# [INPUT MATERIAL]
>>

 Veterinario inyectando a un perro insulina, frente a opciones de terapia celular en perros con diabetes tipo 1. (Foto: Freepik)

<<
>>

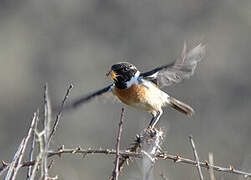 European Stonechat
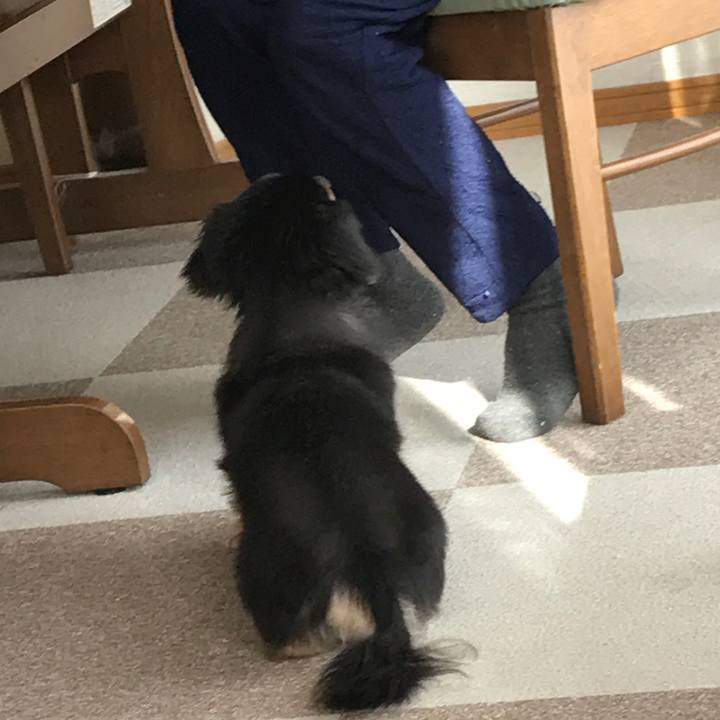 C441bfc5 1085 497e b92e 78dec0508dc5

<<
>>

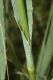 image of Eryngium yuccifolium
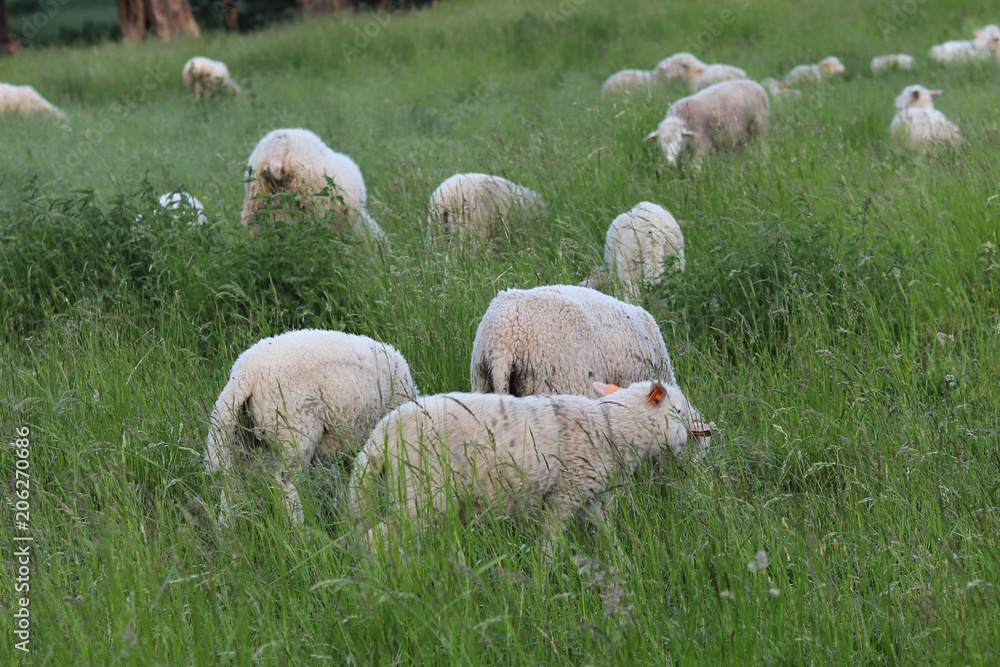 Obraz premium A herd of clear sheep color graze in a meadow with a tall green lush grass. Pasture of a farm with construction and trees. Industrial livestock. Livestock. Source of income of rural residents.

<<

# [DIRECTIONS]
All that is wanted is the lines above between the one containing "European Stonechat" and the one containing "C441bfc5 1085 497e b92e 78dec0508dc5", inclusive, restated word for word, with pictures omitted.

# [OUTPUT]
 European Stonechat
 C441bfc5 1085 497e b92e 78dec0508dc5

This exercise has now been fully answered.